02:03:53.000 I gotta get out there.
02:03:54.000 I still have never been.
02:03:55.000 I gotta get out there.
02:03:56.000 It's a really cool place.
02:03:57.000 And the same thing with Taj Mahal also.
02:03:59.000 I went to the Taj Mahal years ago, and you think it's going to be gaudy, and you get there.
02:04:02.000 It is beautiful.
02:04:03.000 It is just incredible to see some of these places.
02:04:07.000 I'm just so fascinated by the pyramids, though.
02:04:09.000 How they made them.
02:04:10.000 Yeah, and also this just...
02:04:11.000 these insanely complex cultures that vanish.
02:04:16.000 They just...
02:04:17.000 they go away.
02:04:17.000 Yeah.
02:04:18.000 Like, what happened?
02:04:19.000 Right.
02:04:19.000 Like, what is that?
02:04:20.000 And then this is the thing I think about when I think about America today.
02:04:24.000 That every empire collapses.
02:04:27.000 And one of the things that Douglas Murray has talked about, and it's really fascinating to me, he said every society, when it's at the verge of collapse, becomes obsessed with gender.
02:04:38.000 I've seen that.
02:04:39.000 I've heard that.
02:04:40.000 Which is real weird and not good for us because if there's any fucking society...
02:04:44.000 It seems like we're overly focused on some of these things right now.
02:04:46.000 Oh my god.
02:04:47.000 Yeah.
02:04:47.000 So if you're...
02:04:48.000 Let's say you're Iran, you're Russia, you're China, you're North Korea...
02:04:51.000 Look at these fuckers.
02:04:52.000 They're going down.
02:04:53.000 Exactly.
02:04:53.000 Yeah.
02:04:54.000 You're a super empowered individual.
02:04:55.000 You're a terrorist organization.

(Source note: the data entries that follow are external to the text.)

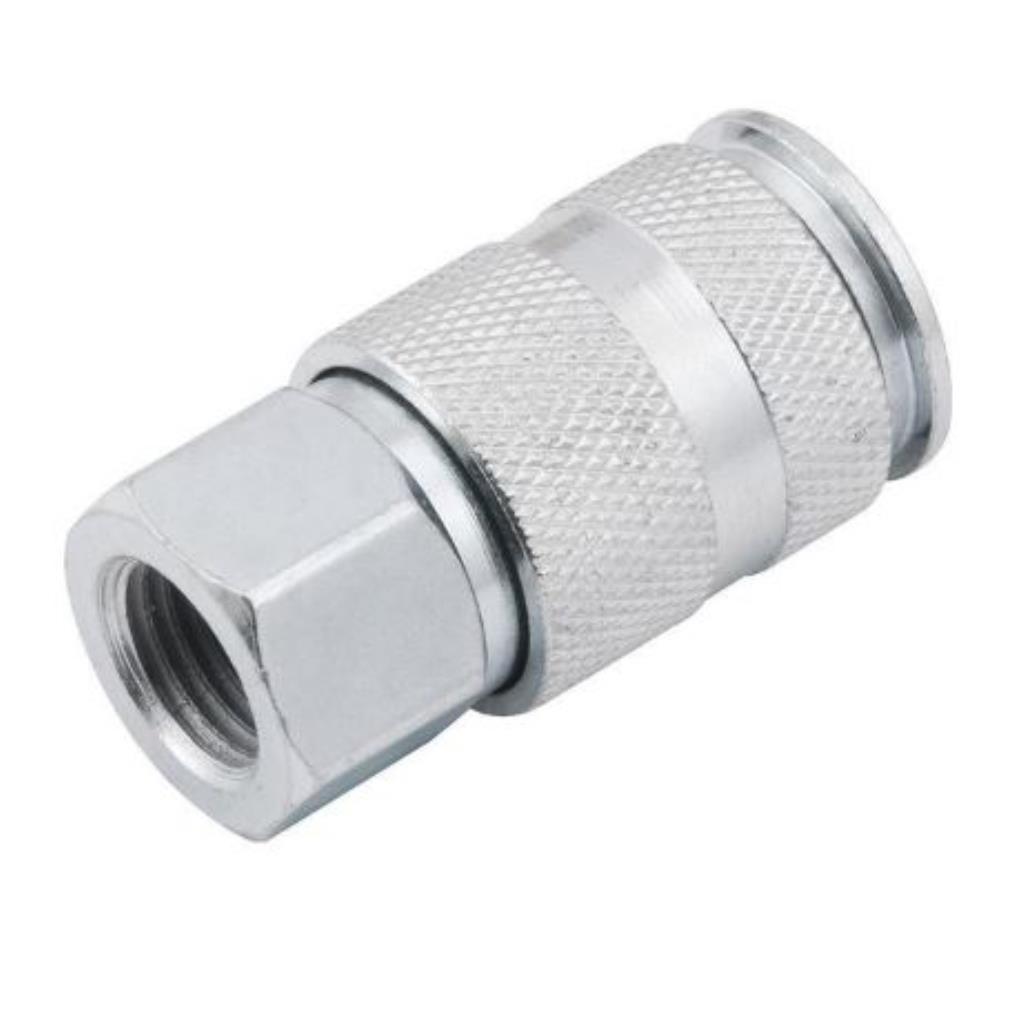 ENGATE RAPIDO 1/4X1/4 ACO ZINCADO C/ESFERA PROFISSIONAL VILA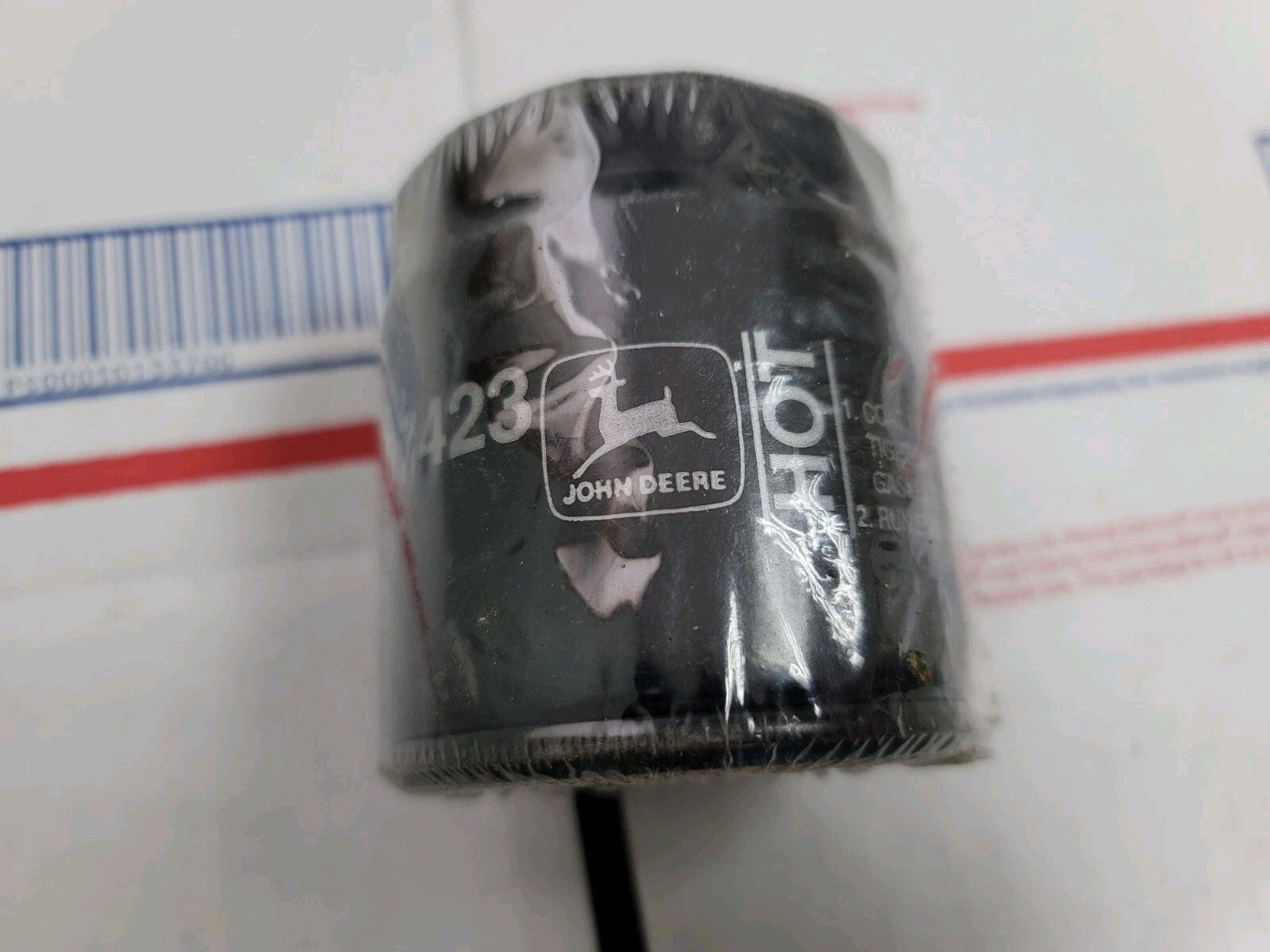 John Deere Original Equipment Oil Filter - AM107423 8L6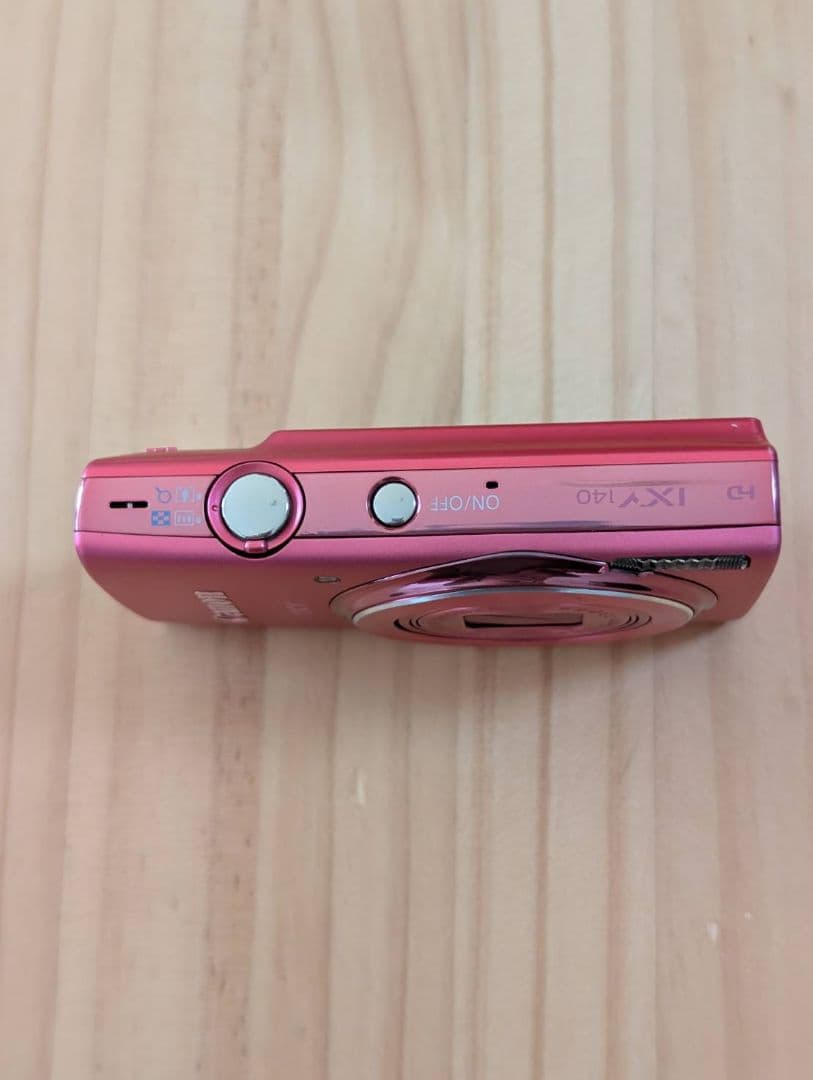 Canon IXY 140 ピンク - メルカリ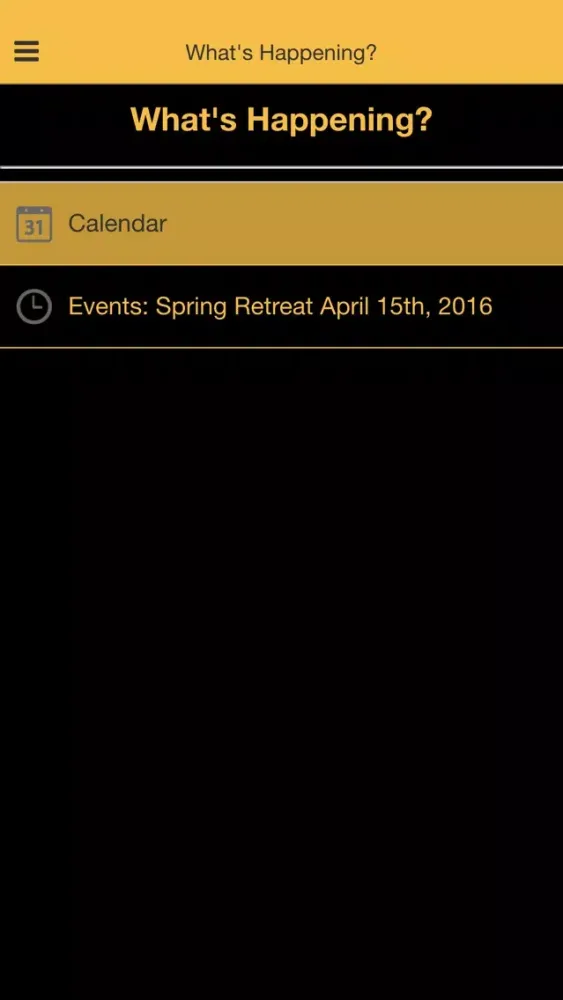 The Capitol Leader App スクリーンショット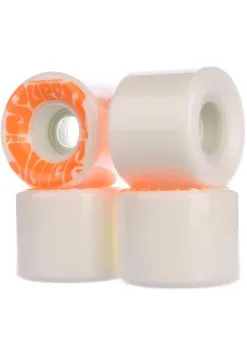 OJ Wheels 55mm Mini Super Juice 78a Skateboardwielen White -Skateboards Winkel oj wheels rollen mini super juice 78a white oberansicht 0134410
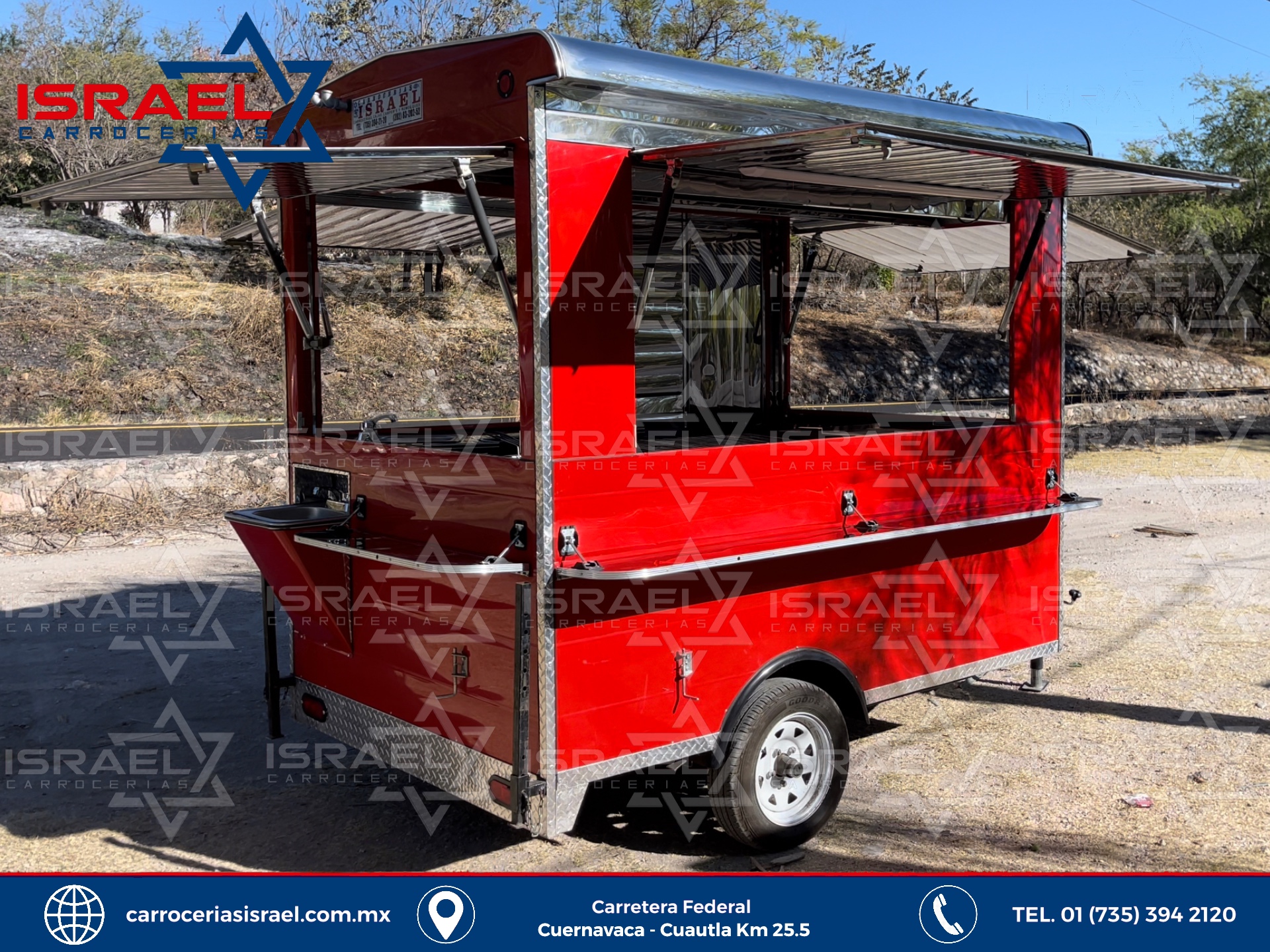 REMOLQUE FOOD TRUCK 24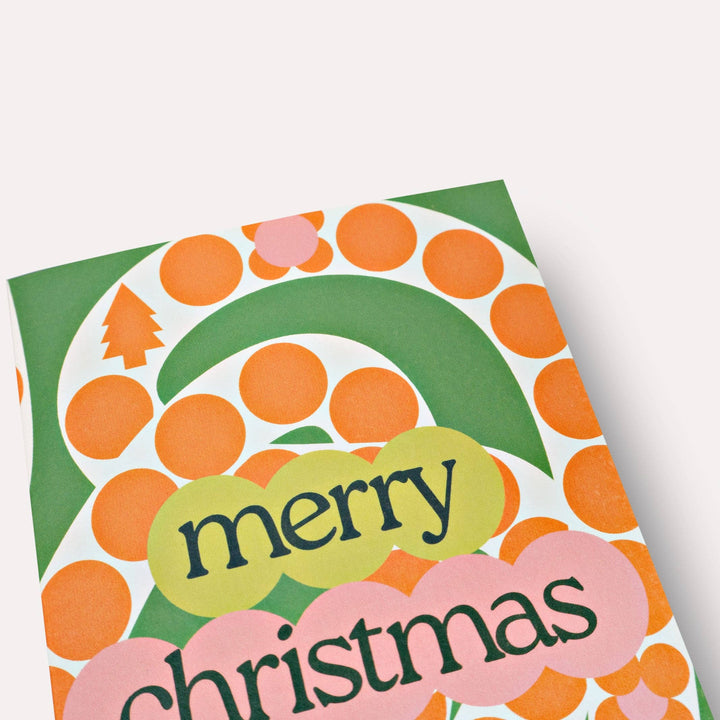 Damson Christmas Card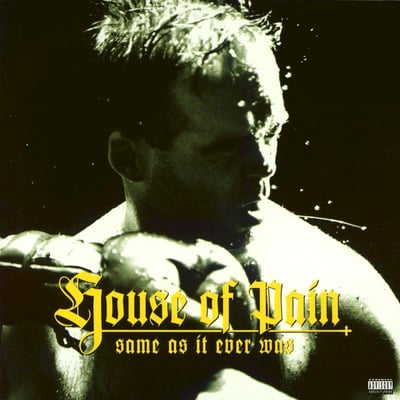 House Of Pain - Same As It Ever Was (Tommy Boy, TB-5531-1) · LP + 7" · Yellow Vinyl / Green Vinyl · Reissue, Remastered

02:04:56.000 You might just want to lay back a little bit and watch because we're doing a pretty good job of destroying ourselves from the inside.
02:05:01.000 And I'm sure they're helping.
02:05:02.000 I'm sure they're helping social media.
02:05:04.000 I'm sure there's like...
02:05:05.000 I mean...
02:05:05.000 One of the things they found out on Facebook was that 19 of the top Christian sites were run by Russian troll farms.
02:05:12.000 Really?
02:05:12.000 Yeah.
02:05:13.000 Oh my gosh.
02:05:13.000 Yeah.
02:05:14.000 Well, 19 of the top 20. And they're just saying wild shit and trying to start a holy war.
02:05:20.000 Just trying to divide.
02:05:20.000 Oh my gosh.
02:05:22.000 And then we get like, okay, so we have aliens.
02:05:23.000 We have some spaceships in here.
02:05:25.000 I mean, in the news.
02:05:27.000 Imagine that coming out in 1985. Yeah.
02:05:29.000 Yeah.
02:05:30.000 I don't know what to think about that.
02:05:31.000 I go back and forth and back and forth.
02:05:33.000 You know, part of me thinks some of it is real.
02:05:35.000 And part of me thinks a good percentage of it is probably like some black project that they're not telling us about, that there's some insanely complex drone, an unmanned drone.
02:05:46.000 Right.
02:05:46.000 We're good to go.
02:05:49.000 We're good to go.
02:06:10.000 Old World War II planes back in the day, and I always see this stealth bomber that was like an interpretation from the toy company that made these models of a stealth bomber.
02:06:18.000 And it was pretty dang close when they actually revealed it years later.
02:06:22.000 So I distinctly remember that.
02:06:24.000 But did you have the guy that—is it a Navy pilot?
02:06:27.000 Commander Fred.
02:06:28.000 Okay.
02:06:28.000 Do you have him on?
02:06:29.000 Yeah, but two guys, Ryan Graves and Commander Fravor.
02:06:32.000 Both of them were fascinating.
02:06:34.000 Commander Fravor was the one that off the coast of San Diego in 2004, he encountered that object that went from more than 50,000 feet above sea level to 50 in less than a second.
02:06:46.000 Yeah.
02:06:47.000 They have no idea what it did.
02:06:49.000 It was blocking the tracking systems.
02:06:51.000 They got visual.
02:06:53.000 They saw it visually.
02:06:56.000 They have footage of it.
02:06:58.000 They have video footage of it.
02:06:59.000 Multiple jets encountered this thing.
02:07:01.000 And when it zipped off at insane rates of speed, it returned to their cat point.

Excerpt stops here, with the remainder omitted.